Comme l'intégralité des 2.000 km de littoral californien, cette discrète crique de sable blanc est censée être ouverte à tous: l'imposante grille métallique et le gardien qui en barrent l'accès, sauf à payer un "droit" de 100 dollars, laissent pourtant penser le contraire.

Publique ou pas? La bien nommée "Plage privée" ("Privates Beach"), nichée le long de la côte à Santa Cruz, au sud de San Francisco, est au coeur d'une intense bataille juridique censée trancher sur le sujet.

A une heure de voiture de là, on s'affronte aussi autour de Martin's Beach, où surfeurs et membres de la commission du littoral bataillent depuis une dizaine d'années pour préserver un accès public face aux visées d'un milliardaire de l'informatique.

Car depuis qu'il y a acheté une propriété de plus de 21 hectares en 2008 (pour 32,5 millions de dollars à l'époque), Vinod Khosla, co-fondateur de Sun Microsystems, cherche par tous les moyens à empêcher le passage vers la plage à travers ses terres.

Et il vient de porter l'affaire devant la Cour suprême, plus haute juridiction aux Etats-Unis, qui doit encore décider si elle est compétente ou non.

Ces deux cas sont emblématiques des obstacles qui se dressent en permanence entre le citoyen lambda et les côtes californiennes, dont le libre accès est pourtant garanti depuis 1976 par la loi de l'Etat.

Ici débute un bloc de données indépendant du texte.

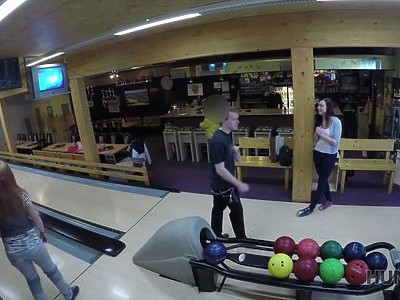 nastolatka dogadza sobie różową seks zabawką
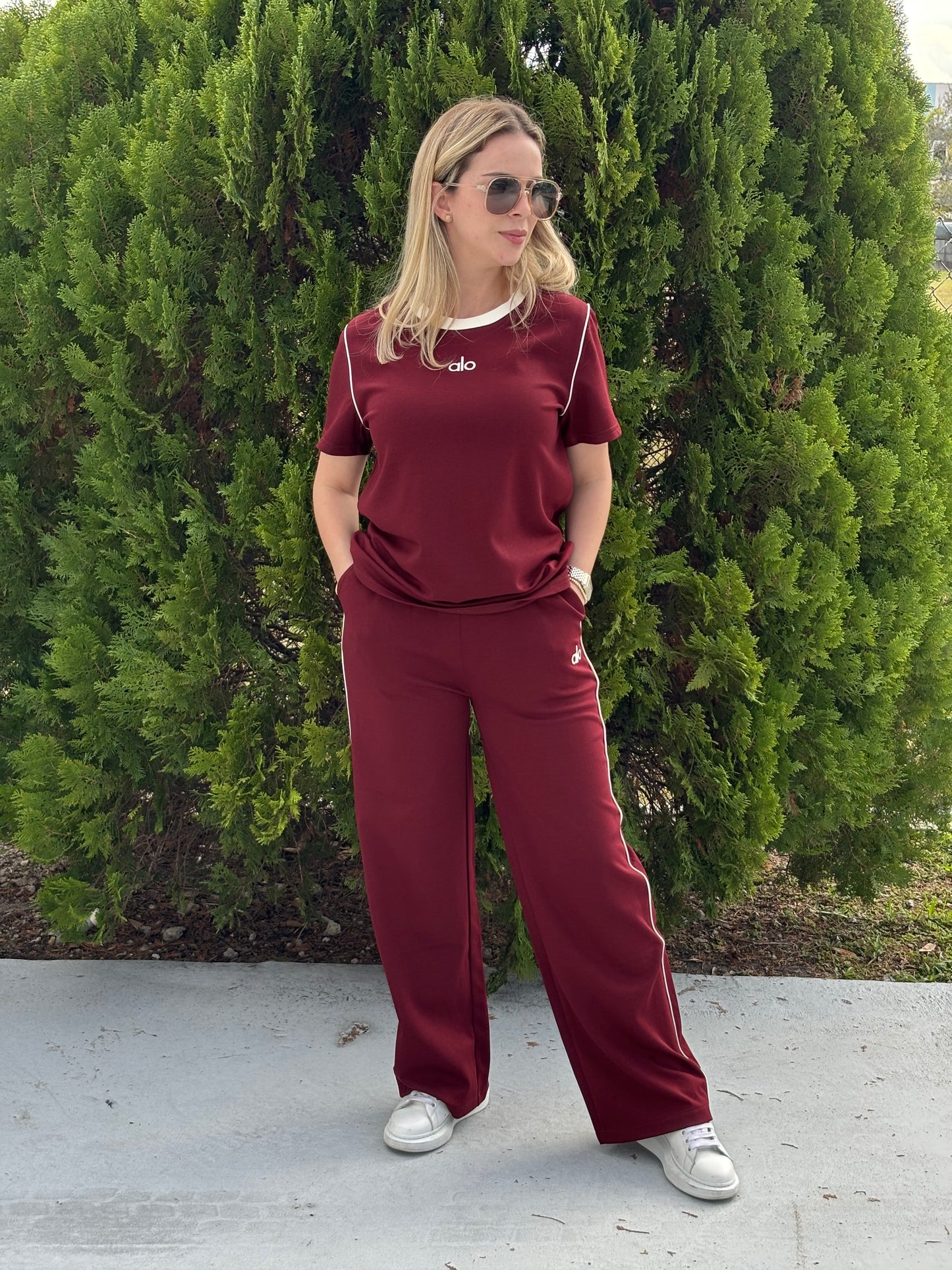 Conjunto deportivo burgundy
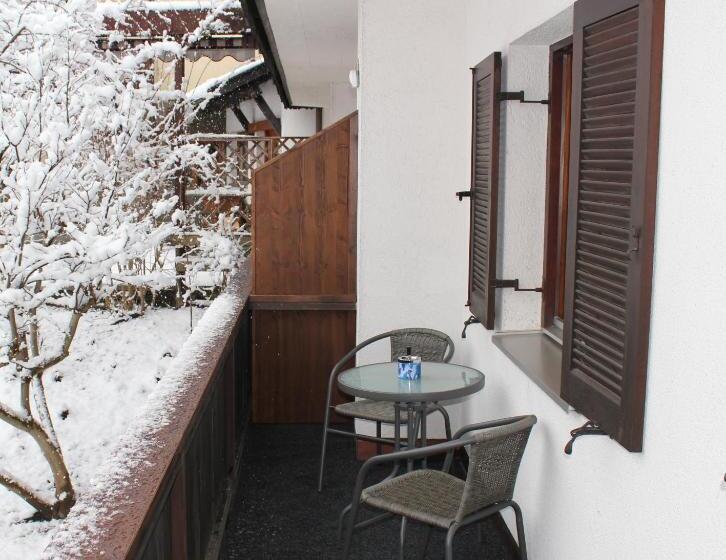 Номер Стандарт, Pension Alfenz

"C'est sans arrêt, une pression constante", se plaint Pat Veesart, chargé de superviser l'application de cette loi dans le nord de la Californie.

"Les gens qui ont assez d'argent pour s'acheter une propriété en bord de mer sont toujours en train de chercher comment l'isoler encore un peu plus".

- Paradis perdu -

Toute la côte californienne est concernée, même si c'est le Sud, notamment Malibu où les célébrités de tout poil se pressent sur la "Plage des milliardaires", qui est principalement concerné.

Vigiles privés, faux panneaux d'interdiction de stationner ou procédures en justice interminables: selon Linda Locklin, responsable du programme d'accès au littoral de l'Etat, "certains ne reculent devant rien pour dissuader le passage du public".

Pour leur défense, les propriétaires mettent en avant leur droit à la tranquillité, accusant les visiteurs de vandalisme et de nuisances en tout genre.

"Depuis qu'il y a ce chemin, c'est comme si les portes de l'enfer étaient grandes ouvertes", s'emporte le réalisateur Michael Lembeck.

Avant la création de ce point d'accès à la plage en 2015, "c'était le paradis ici (...) Beaucoup de gens ont déménagé, et on pourrait bien être les prochains", a-t-il assuré à l'AFP, qui l'a croisé près de sa maison de Malibu.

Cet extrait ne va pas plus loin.